Entanglement Between Boston Public Schools and ICE

Education, Immigrant Rights

BPS Must Shut Down School-to-Deportation Pipeline Immediately

Documents secured in a lawsuit brought by civil rights and education advocates show far more extensive interactions between Boston Public Schools (BPS) and federal immigration enforcement than the City has previously admitted. Since 2014, at least 135 student incident reports generated by BPS have been made accessible to U.S. Immigration and Customs Enforcement (ICE) via the Boston Regional Intelligence Center (BRIC), an information-sharing network of local, state, and federal law enforcement agencies that is funded by the U.S. Department of Homeland Security and housed within the Boston Police Department. Advocacy organizations that released the information today called upon BPS to shut down this school-to-deportation pipeline immediately and to cease all collusion with ICE.

BPS entanglement with ICE first came to public attention in 2017, when an East Boston High School student was deported based in part on a BPS incident report of a run-of-the-mill school incident—a failed attempt by students to start a fight—that ICE had accessed after BPS shared it with the BRIC. Advocates filed a public records request with BPS to determine the full extent of this troubling student information-sharing practice and subsequently sued when the City refused to turn over the redacted records.

Denials made by City officials at the time of the lawsuit’s filing have now been shown to be false. For example:

  • Mayor Walsh claimed, “The assertion that the City of Boston or the School Department is turning information over to the federal authorities is not true.” Walsh Calls Lawsuit Against BPS “Meritless.” In fact, by the time of Walsh’s statement, BPS had already given federal immigration authorities access to scores of student incident reports via BRIC—and continued to do so after his denial.
  • Former BPS Superintendent Tommy Chang (who resigned within days of the lawsuit’s filing) similarly stated that “[i]t would be against BPS policy to provide any student records to ICE, and BPS does not have a practice of doing so.” Superintendent Chang Affirms Protection of Immigrant Students. In fact, the documents released today show that BPS indeed does provide student records to ICE via BRIC—precisely the practice that then-Superintendent Chang denied.

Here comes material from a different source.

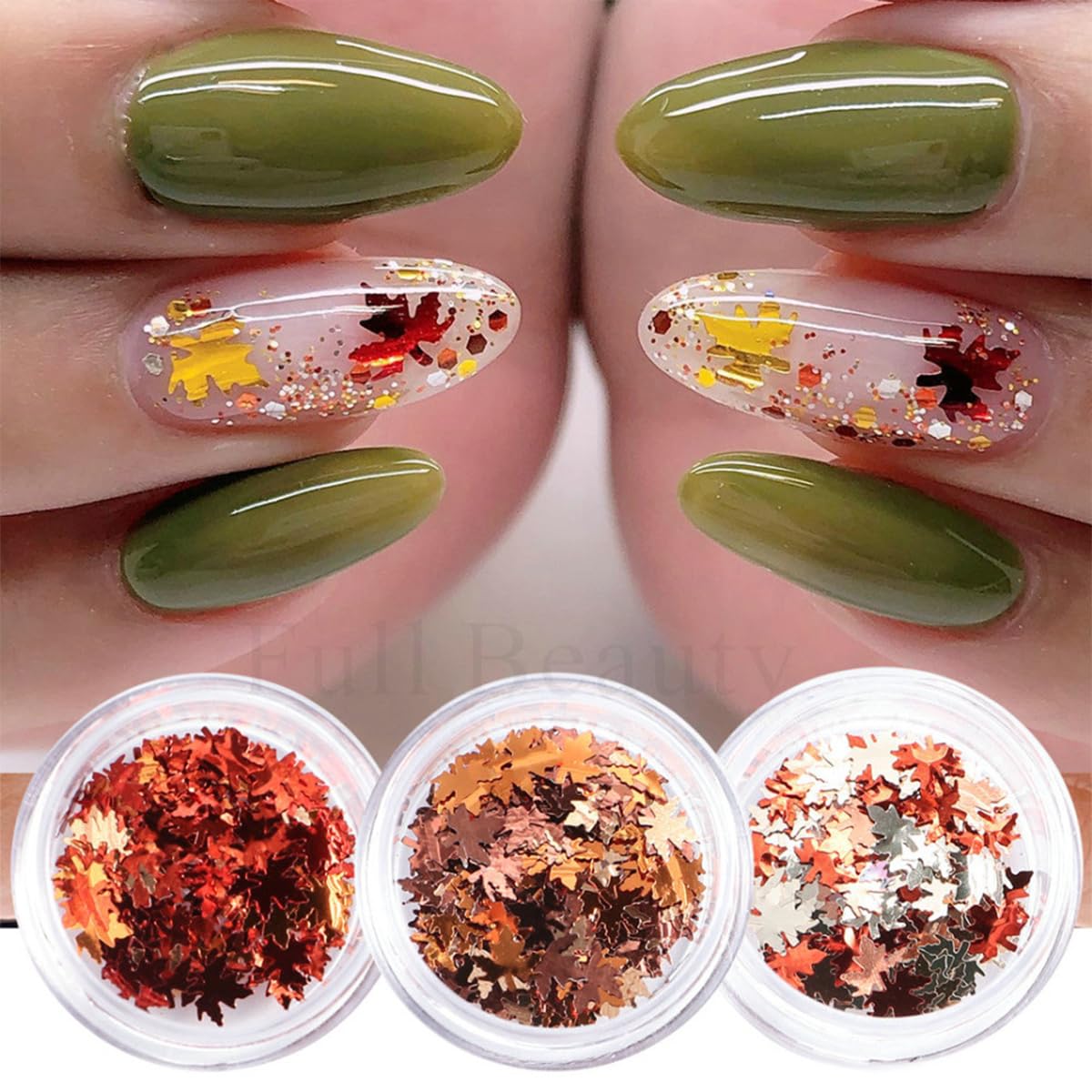 3D Maple Leaf Glitter Nail Sequins Fall Nail Stickers Autumn Nail Glitters Holographic Vintage Maple Leaves Nail Designs Thanksgiving Nail Decals for Manicure Decoration-FemmiqueWomen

“The extent of BPS collusion with federal immigration enforcement is alarming, and much more extensive than the City has let on,” said Attorney Janelle Dempsey of Lawyers for Civil Rights (LCR), one of the organizations suing BPS over the records. “BPS is creating a dangerous school-to-deportation pipeline that must be stopped immediately.”

“The City needs to be transparent about its practices,” added Roger Rice, Executive Director of Multicultural Education, Training and Advocacy, Inc. (META), another of the Plaintiff organizations. “Boston claims to be a sanctuary city, yet City officials continue to place students at risk of deportation through entanglement with ICE,” Rice added.

The organizations seeking disclosure noted that BPS continues to withhold from the public critical, non-personally identifiable information that would shed further light on its practices, and that they are continuing to pursue their case in court. For example, BPS has heavily redacted most of the released reports, making it impossible to ascertain the details of the incidents reported. BPS has withheld other documents in their entirety. “We are continuing to press in court for more transparency, so that the public will know the full extent of BPS entanglement with ICE,” said Kathleen Boundy, Co-Director of Center for Law and Education, another of the Plaintiff organizations.

Civil rights advocates are particularly concerned that BPS has redacted the race and ethnicity of students whose information has been shared with ICE via BRIC. “What we know already raises troubling questions about whether BPS is engaged in racial profiling and disproportionately targeting Latinx student information for ICE,” said Iván Espinoza-Madrigal, Executive Director of LCR. “We will be asking the Court to compel disclosure of this information to the public, because there is no legal reason why BPS should be allowed to keep this information secret,” Espinoza-Madrigal added.

The case is Center for Law and Education, Inc. v. City of Boston, et al., Suffolk Superior Court No. 18-01938.